Question 637 of 1,024
Security and CompliancemediumMultiple ChoiceObjective-mapped

CLF-C02 Security and Compliance Practice Question

This CLF-C02 practice question tests your understanding of security and compliance. Match the stated requirement to the specific cloud service, access model, or configuration option — many options are valid in isolation but not for this scenario. After answering, compare your reasoning against the explanation and wrong-answer breakdown below. Once you have made your selection, read the full explanation to reinforce the concept and understand why each distractor is designed to mislead on exam day.
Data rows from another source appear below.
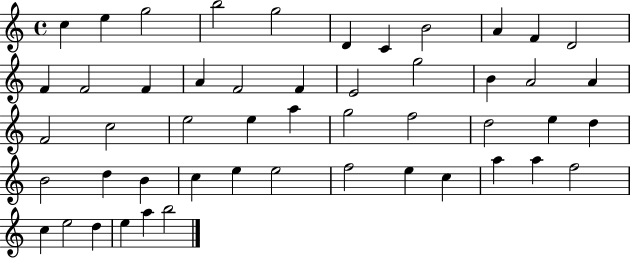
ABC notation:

X:1
T:Untitled
M:4/4
L:1/4
K:C
c e g2 b2 g2 D C B2 A F D2 F F2 F A F2 F E2 g2 B A2 A F2 c2 e2 e a g2 f2 d2 e d B2 d B c e e2 f2 e c a a f2 c e2 d e a b2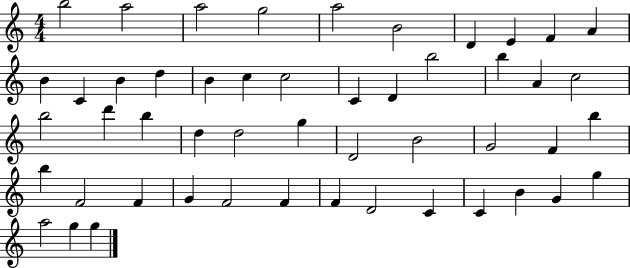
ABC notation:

X:1
T:Untitled
M:4/4
L:1/4
K:C
b2 a2 a2 g2 a2 B2 D E F A B C B d B c c2 C D b2 b A c2 b2 d' b d d2 g D2 B2 G2 F b b F2 F G F2 F F D2 C C B G g a2 g g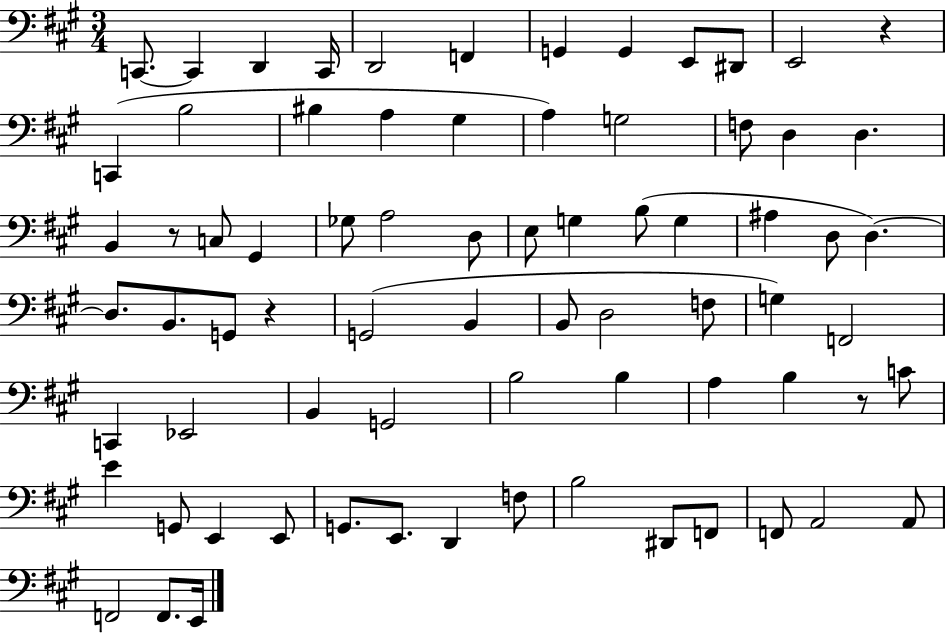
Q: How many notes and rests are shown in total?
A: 74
A healthcare company is subject to HIPAA regulations and must record all AWS API calls made in its account for auditing. The logs must be retained for 7 years and must be protected from any modification or deletion, including by the account root user. Which combination of AWS services should the company use to meet these requirements?

Answer choices

Why each option matters

Answer the question above first, then reveal the full breakdown to understand why each option is right or wrong.
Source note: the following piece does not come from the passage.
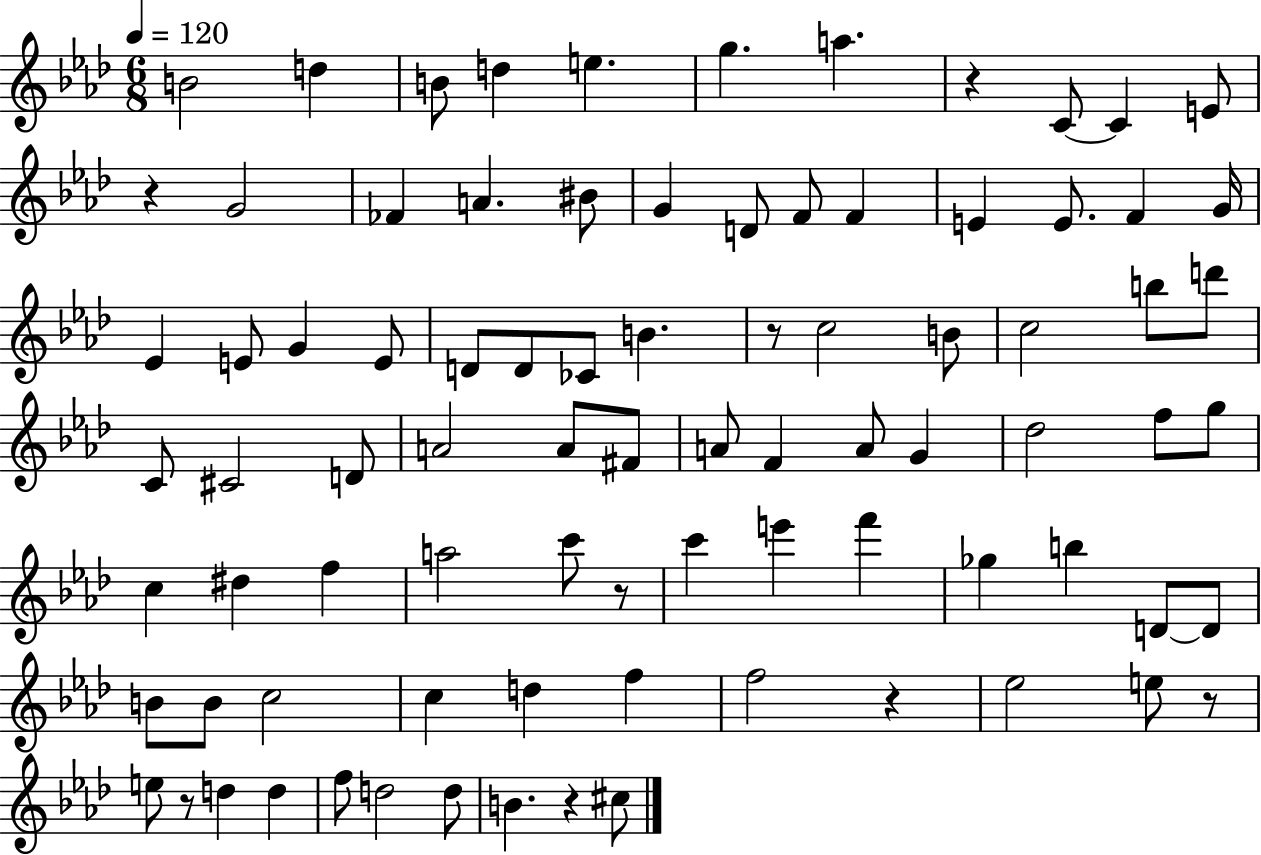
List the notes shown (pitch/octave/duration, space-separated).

B4/h D5/q B4/e D5/q E5/q. G5/q. A5/q. R/q C4/e C4/q E4/e R/q G4/h FES4/q A4/q. BIS4/e G4/q D4/e F4/e F4/q E4/q E4/e. F4/q G4/s Eb4/q E4/e G4/q E4/e D4/e D4/e CES4/e B4/q. R/e C5/h B4/e C5/h B5/e D6/e C4/e C#4/h D4/e A4/h A4/e F#4/e A4/e F4/q A4/e G4/q Db5/h F5/e G5/e C5/q D#5/q F5/q A5/h C6/e R/e C6/q E6/q F6/q Gb5/q B5/q D4/e D4/e B4/e B4/e C5/h C5/q D5/q F5/q F5/h R/q Eb5/h E5/e R/e E5/e R/e D5/q D5/q F5/e D5/h D5/e B4/q. R/q C#5/e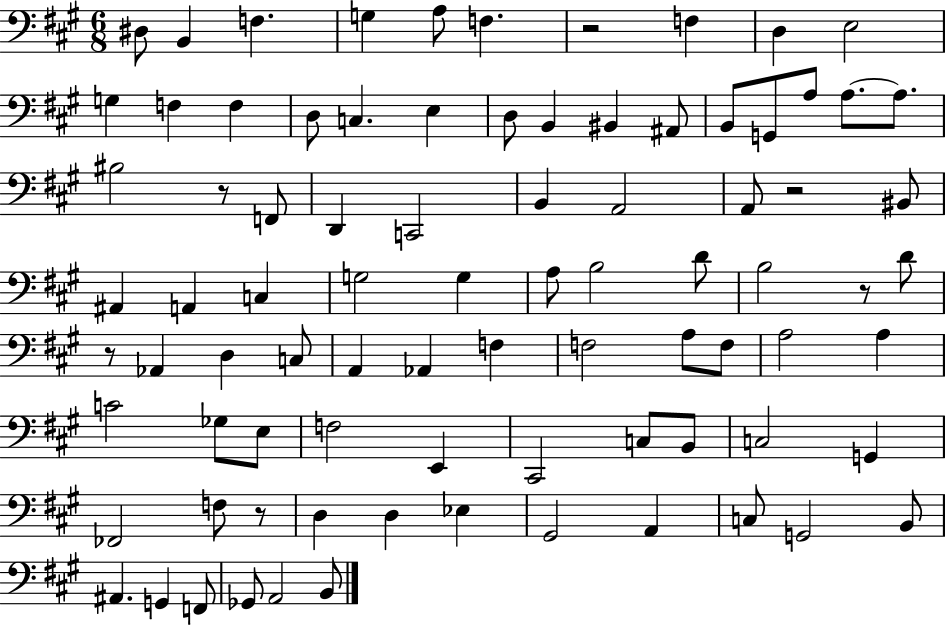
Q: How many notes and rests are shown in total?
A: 85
Correct answer & explanation

AWS CloudTrail with log file validation enabled, and store the log files in an Amazon S3 bucket with S3 Object Lock enabled in compliance mode

Option A is correct because AWS CloudTrail with log file validation enabled ensures the integrity of the API call logs by using a digital signature (SHA-256 hash) to detect any tampering. Storing these logs in an Amazon S3 bucket with S3 Object Lock in compliance mode prevents any user, including the root user, from overwriting or deleting the objects for the specified retention period (7 years), meeting HIPAA's immutable audit log requirements.
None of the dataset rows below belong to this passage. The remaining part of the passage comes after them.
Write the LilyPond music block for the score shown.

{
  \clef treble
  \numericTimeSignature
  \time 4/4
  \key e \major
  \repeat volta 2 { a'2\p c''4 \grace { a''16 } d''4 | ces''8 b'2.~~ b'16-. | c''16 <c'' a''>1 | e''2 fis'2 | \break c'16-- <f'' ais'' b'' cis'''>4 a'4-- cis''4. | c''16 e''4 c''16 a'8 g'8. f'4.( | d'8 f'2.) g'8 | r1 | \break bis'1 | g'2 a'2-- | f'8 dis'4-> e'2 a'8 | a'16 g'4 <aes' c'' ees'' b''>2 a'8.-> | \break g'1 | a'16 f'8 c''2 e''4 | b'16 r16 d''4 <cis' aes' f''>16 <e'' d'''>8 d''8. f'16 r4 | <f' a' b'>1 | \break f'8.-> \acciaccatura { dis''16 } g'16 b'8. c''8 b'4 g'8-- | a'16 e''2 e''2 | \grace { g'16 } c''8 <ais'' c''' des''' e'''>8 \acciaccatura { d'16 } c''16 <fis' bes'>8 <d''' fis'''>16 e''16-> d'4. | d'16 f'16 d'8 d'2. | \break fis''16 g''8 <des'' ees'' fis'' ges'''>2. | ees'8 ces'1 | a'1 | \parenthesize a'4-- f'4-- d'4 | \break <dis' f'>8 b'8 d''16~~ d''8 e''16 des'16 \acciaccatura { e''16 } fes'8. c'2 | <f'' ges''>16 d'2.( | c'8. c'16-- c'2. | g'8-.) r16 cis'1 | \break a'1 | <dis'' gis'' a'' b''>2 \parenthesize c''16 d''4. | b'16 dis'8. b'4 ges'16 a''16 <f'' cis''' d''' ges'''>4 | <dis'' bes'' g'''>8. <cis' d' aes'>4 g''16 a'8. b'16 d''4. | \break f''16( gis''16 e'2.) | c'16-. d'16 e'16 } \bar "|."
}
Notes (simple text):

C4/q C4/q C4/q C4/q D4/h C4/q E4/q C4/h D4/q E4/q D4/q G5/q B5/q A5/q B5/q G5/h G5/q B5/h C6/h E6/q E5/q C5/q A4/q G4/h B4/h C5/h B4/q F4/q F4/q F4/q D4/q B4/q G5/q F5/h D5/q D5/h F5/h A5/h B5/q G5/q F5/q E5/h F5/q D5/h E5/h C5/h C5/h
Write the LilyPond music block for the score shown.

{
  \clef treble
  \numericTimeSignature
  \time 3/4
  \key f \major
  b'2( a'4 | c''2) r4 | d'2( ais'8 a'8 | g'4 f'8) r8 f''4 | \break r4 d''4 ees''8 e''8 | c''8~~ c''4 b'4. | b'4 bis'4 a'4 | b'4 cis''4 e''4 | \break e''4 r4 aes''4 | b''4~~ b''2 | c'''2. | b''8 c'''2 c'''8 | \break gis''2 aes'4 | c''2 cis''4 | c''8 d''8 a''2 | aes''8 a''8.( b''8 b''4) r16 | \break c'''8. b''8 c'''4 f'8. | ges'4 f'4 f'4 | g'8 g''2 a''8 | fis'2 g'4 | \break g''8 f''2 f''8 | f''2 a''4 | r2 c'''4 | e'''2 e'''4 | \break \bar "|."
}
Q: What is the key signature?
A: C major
Key principle: Answer the scenario, not the keyword: identify the specific constraint before choosing the most familiar-sounding option.

Answer analysis

Option-by-option breakdown

For each option: why learners choose it and why it is or isn't the right answer here.

  • AWS CloudTrail with log file validation enabled, and store the log files in an Amazon S3 bucket with S3 Object Lock enabled in compliance mode

    Why this is correct

    This option is correct. CloudTrail records API calls, and log file validation provides integrity. S3 Object Lock in compliance mode prevents any user, including the root user, from deleting or modifying the log files for the retention period, satisfying the tamper-proof retention requirement.

    Related concept

    Read the scenario before looking for a memorised answer.

  • AWS Config with a HIPAA conformance pack, and store the configuration history in an Amazon S3 bucket with versioning enabled

    Why it's wrong here

    AWS Config tracks resource configuration changes, not API calls. While versioning helps protect against accidental overwrites, it does not prevent intentional deletion by authorized users. S3 Object Lock is required for strict write-once-read-many (WORM) compliance. Additionally, the HIPAA conformance pack is for evaluating configurations against HIPAA rules, not for recording API calls.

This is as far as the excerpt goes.